**Task data**
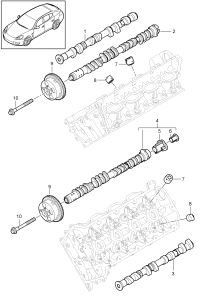 94810524220-Camshaft Deprecated parts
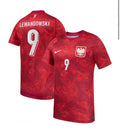 Poland 2026 Robert Lewandowski Away Jersey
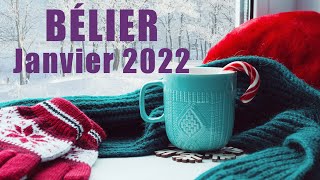 Bélier  Janvier 2022  Bonnes nouvelles et déblocages  Guidance intuitive [upl. by Childs]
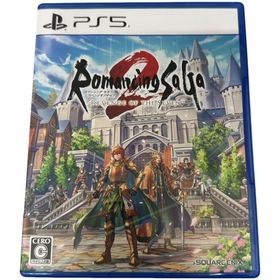 ソニー(SONY)のSQUEA ENIX スクウェア エニックス Playstation5 PS5 ロマンシングサガ2 リベンジオブザセブン ゲームソフト 【中古】 32510K162(家庭用ゲームソフト)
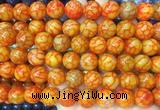 LSBS762 15 inches 14mm round agate gemstone beads wholesale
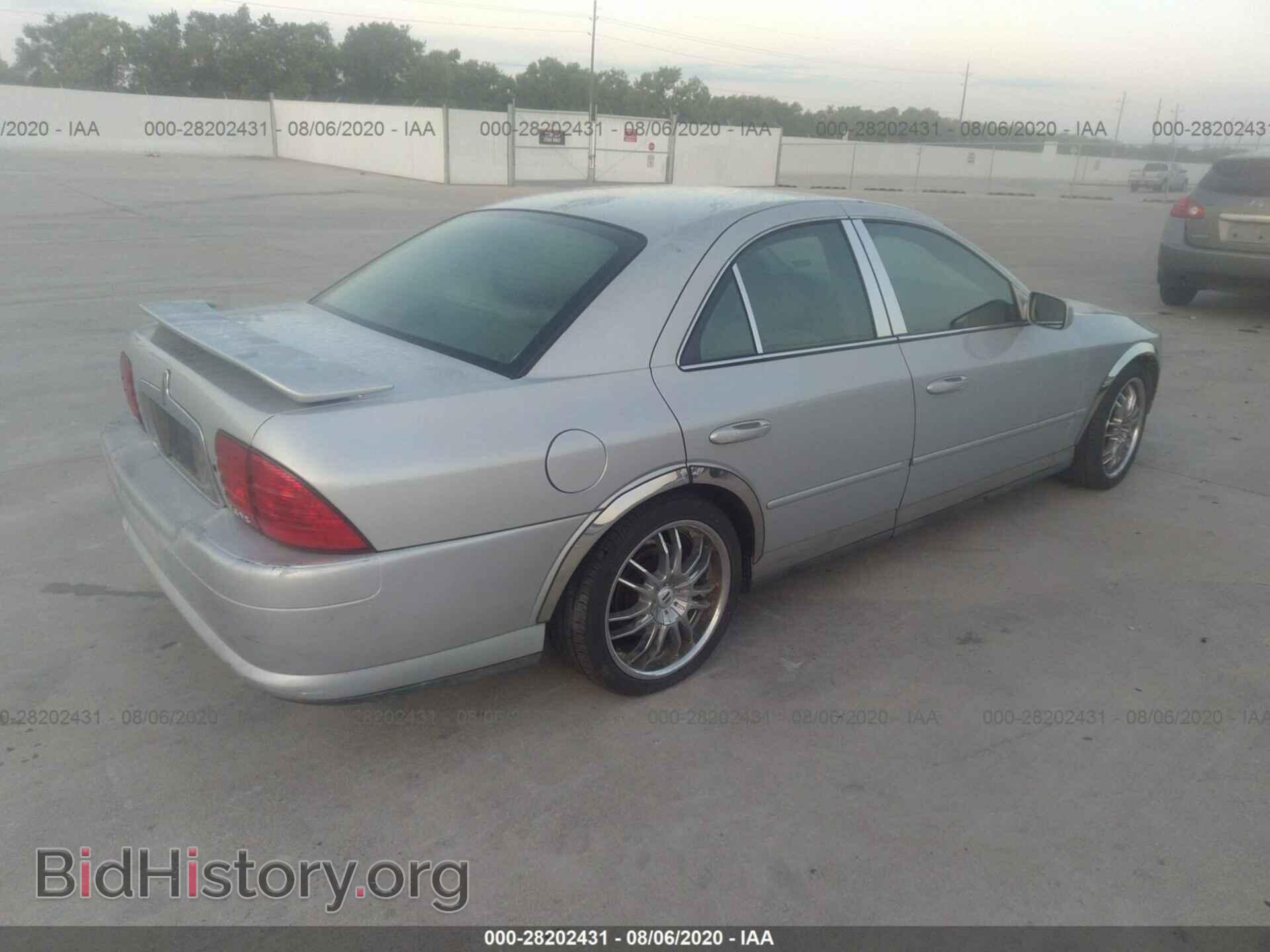 2001 LINCOLN LS - VIN: 1LNHM87A71Y617351 - Фото 4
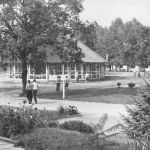 Ahrensdorf (Kreis Templin) Kulturhaus glca.1980 169.210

**Directions for this task**
The records above should be repeated exactly, with every picture omitted.

**Response box**
 94810524220-Camshaft Deprecated parts
 Poland 2026 Robert Lewandowski Away Jersey
 Bélier  Janvier 2022  Bonnes nouvelles et déblocages  Guidance intuitive [upl. by Childs]
 ソニー(SONY)のSQUEA ENIX スクウェア エニックス Playstation5 PS5 ロマンシングサガ2 リベンジオブザセブン ゲームソフト 【中古】 32510K162(家庭用ゲームソフト)
 LSBS762 15 inches 14mm round agate gemstone beads wholesale
 2001 LINCOLN LS - VIN: 1LNHM87A71Y617351 - Фото 4
 Ahrensdorf (Kreis Templin) Kulturhaus glca.1980 169.210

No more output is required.